Die schlechte Stimmung zog am Dienstag auch den Kurs vieler verwandter Technologiewerte wie etwa Epcos oder Infineon nach unten. Die Branche leidet unter nicht ausgelasteten Kapazitäten, die während der Boomphase der vorigen Jahre aufgebaut worden waren.

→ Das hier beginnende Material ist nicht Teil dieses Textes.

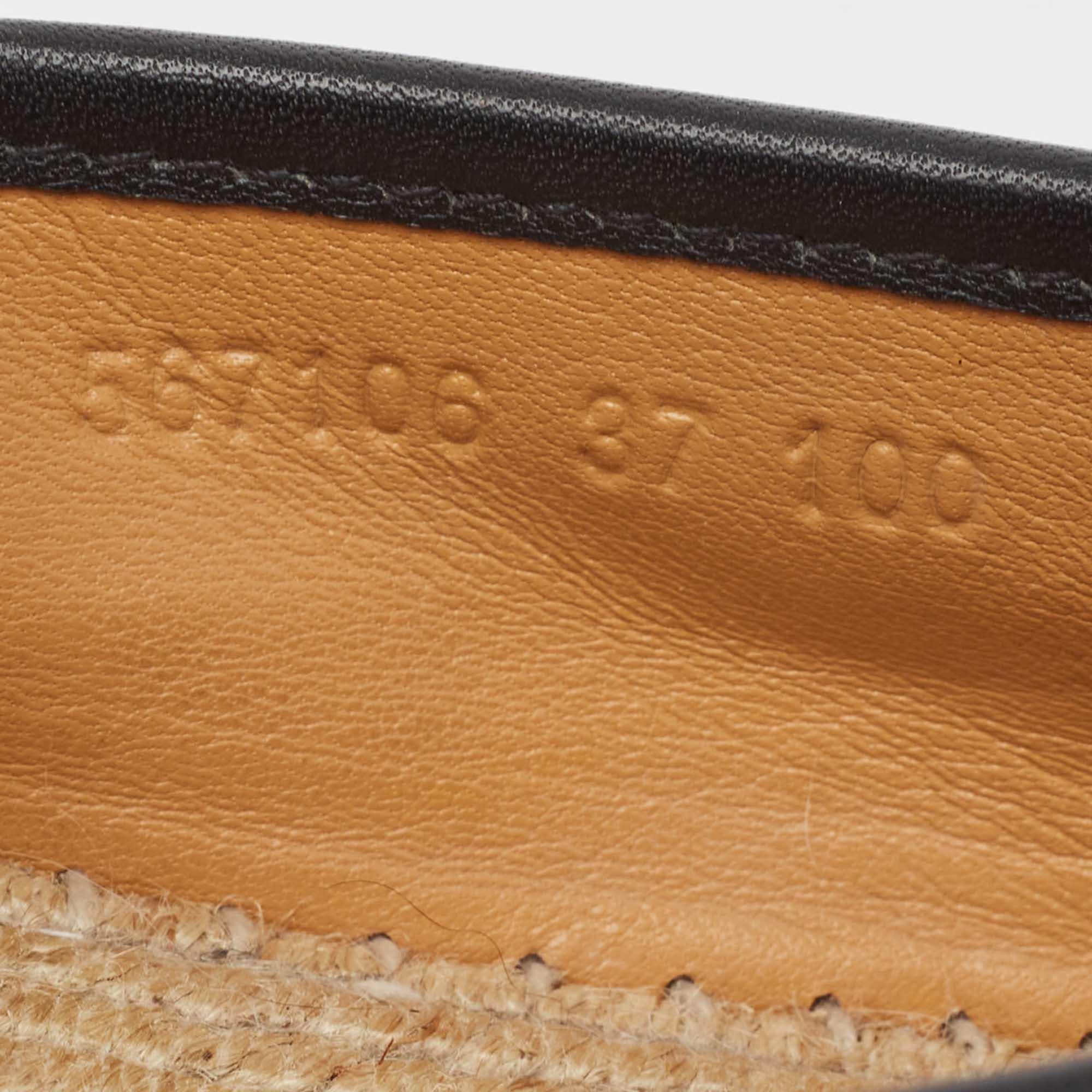 Gucci Black Microguccissima Leather Slip On Espadrille Flats Size 37 For Sale 4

Die Folgen bei Philips sind drastisch: Zusätzlich zum bereits beschlossenen Abbau von 7000 Stellen will Kleisterlee bis Jahresende weitere 3000 bis 4000 Arbeitsplätze vor allem im Halbleiterbereich streichen. Allein hier ging der Umsatz um 19 Prozent auf 1,13 Mrd. Euro zurück. Der Verlust betrug 255 Mio. Euro, nach einem Gewinn von 324 Mio. Euro im Vorjahreszeitraum. Für die Umstrukturierung hat der Konzern Rückstellungen von 714 Mio. Euro gebildet.


Doch nicht nur das Halbleitergeschäft steckt bei Philips in der Krise: Auch das Komponentengeschäft und die Unterhaltungselektronik mussten in den vergangenen Monaten herbe Verluste hinnehmen. So fiel der Umsatz mit Konsumelektronik um 18 Prozent auf 2,53 Mrd. Euro. Der Verlust betrug im zweiten Quartal knapp 500 Mio. Euro, verglichen mit 126 Mio. Euro im Vorjahreszeitraum.

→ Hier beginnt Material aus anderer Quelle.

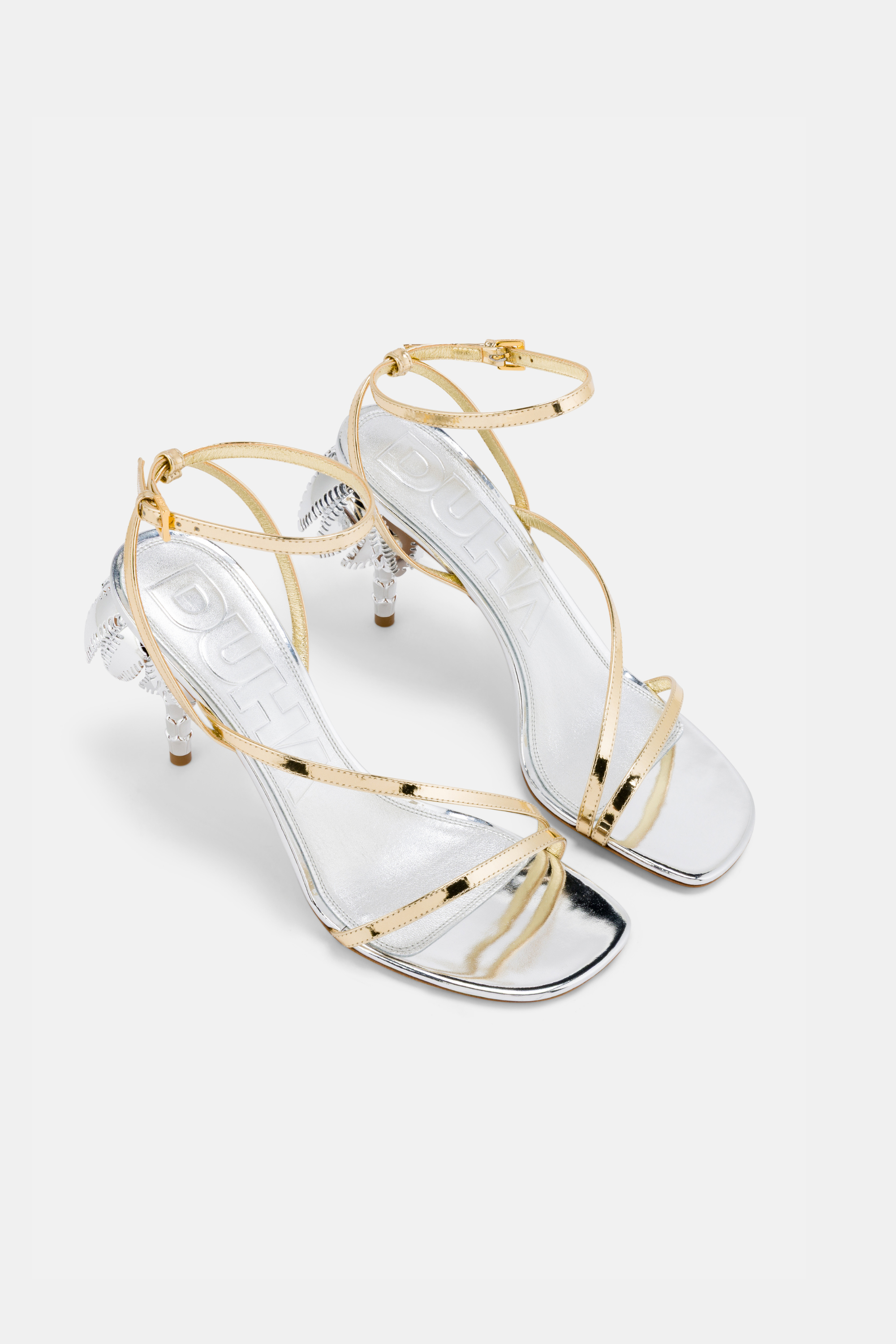 DUHA Palmira Sandal silver gold leather pair — SS26 City Oasis collection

Besser verlief dagegen die Entwicklung der Sparten Medizintechnik, Haus- und Hygieneprodukte sowie Licht. Die Hausgeräte-Sparte etwa steigerte den Umsatz um 13 Prozent auf 521 Mio. Euro. Der Gewinn stieg dabei um 29 Prozent auf 71 Mio. Euro. Das Geschäft mit Medizintechnik, das Philips erst Anfang Juli durch eine milliardenschwere Übernahme verstärkt hat, steigerte den Umsatz vor allem akquisitionsbedingt um 38 Prozent auf 948 Mio. Euro. Der Gewinn dagegen sank um zwei auf 42 Mio. Euro.

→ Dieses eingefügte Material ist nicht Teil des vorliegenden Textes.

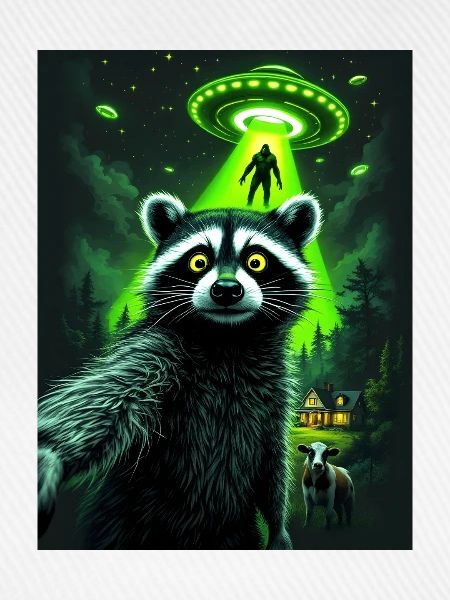 Waschbär UFO Überfall im Wald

Kleisterlee, der den Vorstandsvorsitz erst im Mai von seinem Vorgänger Cor Boonstra übernommen hat, hat viel geplant: Aus Philips soll ein integrierter Technologiekonzern entstehen. In drei bis fünf Jahren will Kleisterlee nämlich ein jährliches Konzernwachstum von 10 Prozent beim Umsatz und 15 Prozent beim Gewinn erzielen. Halten die Ertragsprobleme der wichtigsten Sparten an, dürfte dieses Ziel nicht zu erreichen sein.


Die Philips-Aktie reagierte am Dienstag relativ unempfindlich auf die Verlustmeldungen. Das Papier sank im Tagesverlauf um 1,85 Prozent und schloss mit 28,66 Euro.